### Short web captions
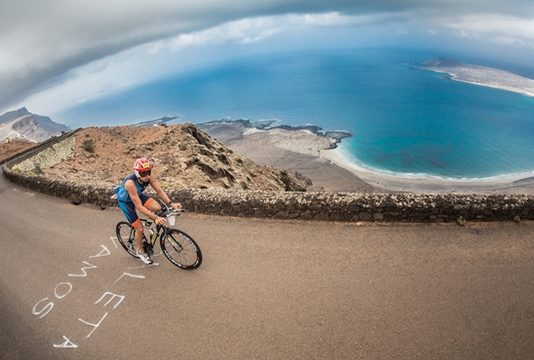 被評選為IRONMAN系列賽最艱難的賽事是哪場呢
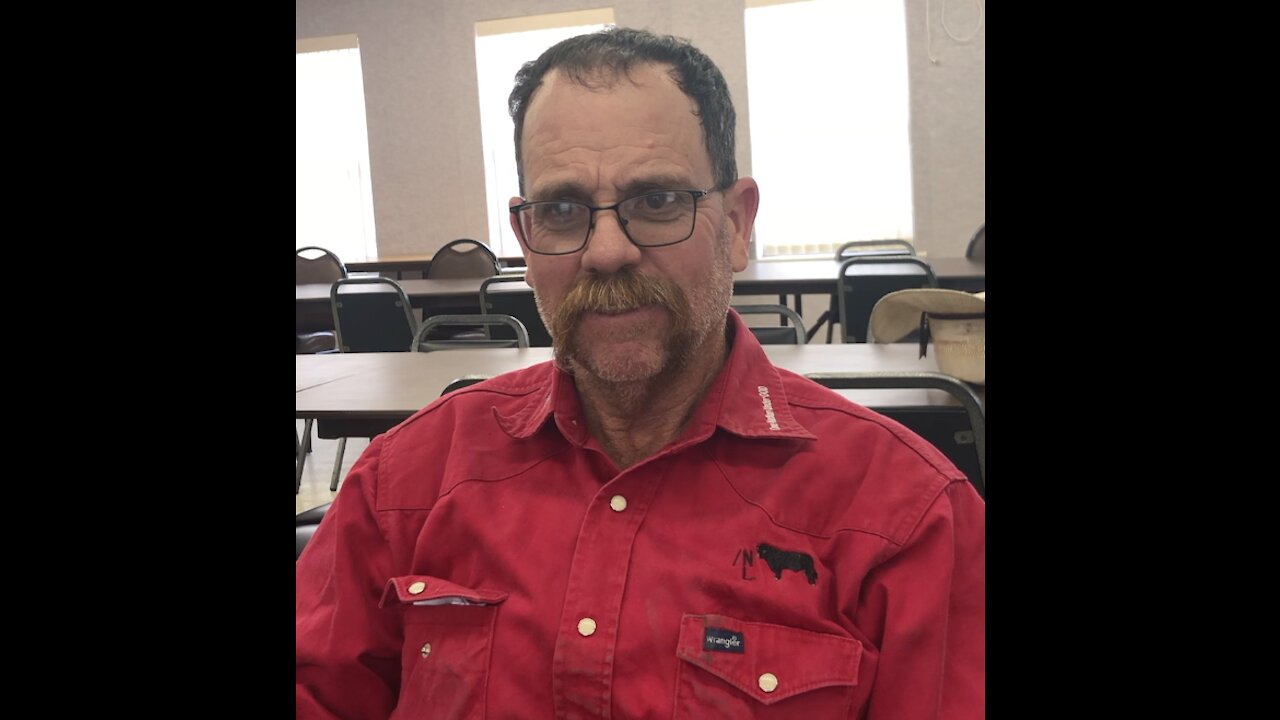 Interview with Leon Nall - Floyd School Board President, Floyd NM Part 2/3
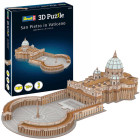 Revell 3D pusle: Püha Peetri basiilika Vatikaanis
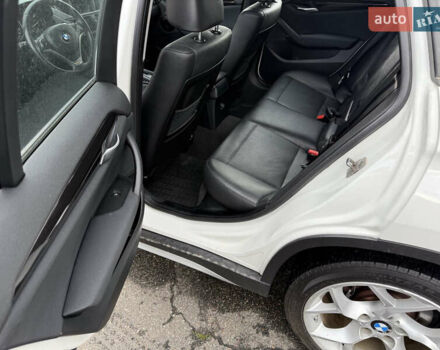 Белый БМВ Х1, объемом двигателя 2 л и пробегом 246 тыс. км за 12000 $, фото 20 на Automoto.ua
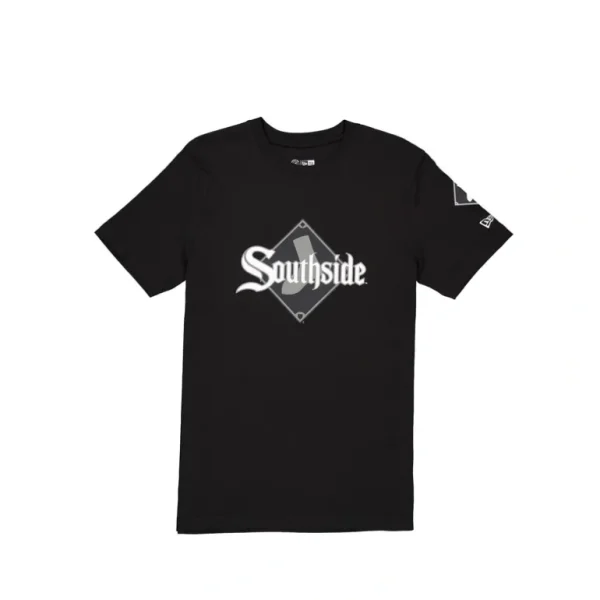 Store Chicago White Sox City Connect Black TShirt - KTGCaps - Baseball caps for various teams, purchased online at a discount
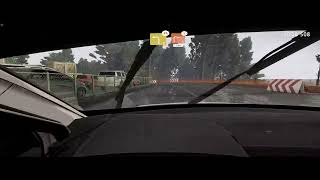 WRC 2022  Round 6 Japan  SS3 Shitara  Onboard [upl. by Lebaron]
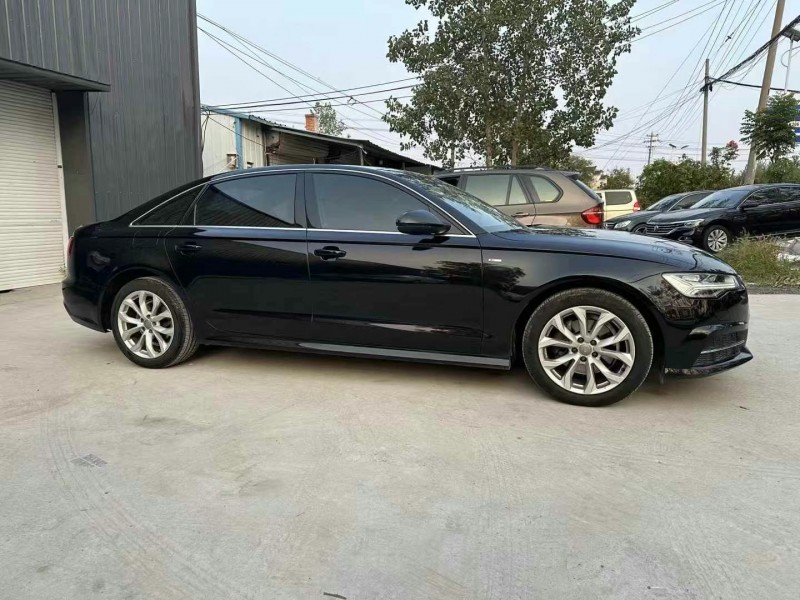 徐州19年奥迪A6L3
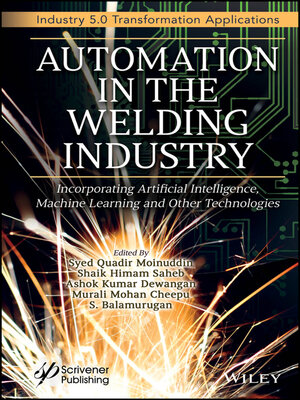 cover image of Automation in the Welding Industry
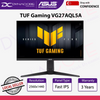 ASUS TUF Gaming Series 5  VG27AQL5A Gaming Monitor  27-inch, QHD(2560x1440), 210Hz(OC), Fast IPS, ELMB SYNC, 0.3ms GTG (min.), Stereo speaker, DisplayWidget Center, Gaming AI, Height Adjustment - ASUSVG27AQL5A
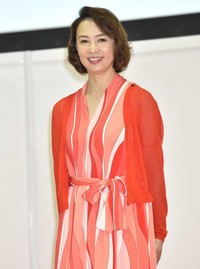 河野景子＝2019年
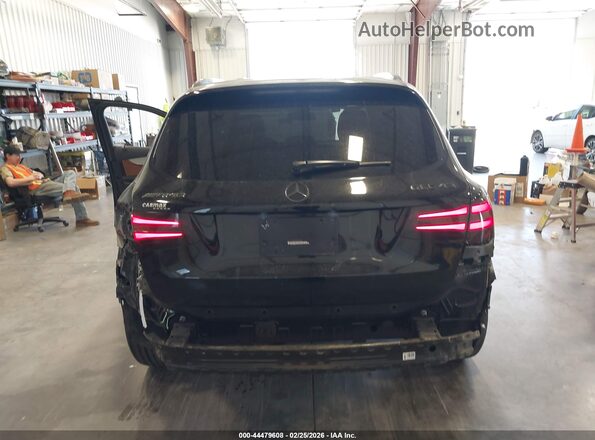 WDC0G6EB1KF523532 2019 MERCEDES-BENZ AMG GLC 43 Black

### Required action
The entries above need to be repeated word for word, minus their pictures.

### Result of the task
 被評選為IRONMAN系列賽最艱難的賽事是哪場呢
 Interview with Leon Nall - Floyd School Board President, Floyd NM Part 2/3
 Revell 3D pusle: Püha Peetri basiilika Vatikaanis
 Белый БМВ Х1, объемом двигателя 2 л и пробегом 246 тыс. км за 12000 $, фото 20 на Automoto.ua
 Store Chicago White Sox City Connect Black TShirt - KTGCaps - Baseball caps for various teams, purchased online at a discount
 WRC 2022  Round 6 Japan  SS3 Shitara  Onboard [upl. by Lebaron]
 徐州19年奥迪A6L3
 cover image of Automation in the Welding Industry
 ASUS TUF Gaming Series 5  VG27AQL5A Gaming Monitor  27-inch, QHD(2560x1440), 210Hz(OC), Fast IPS, ELMB SYNC, 0.3ms GTG (min.), Stereo speaker, DisplayWidget Center, Gaming AI, Height Adjustment - ASUSVG27AQL5A
 河野景子＝2019年
 WDC0G6EB1KF523532 2019 MERCEDES-BENZ AMG GLC 43 Black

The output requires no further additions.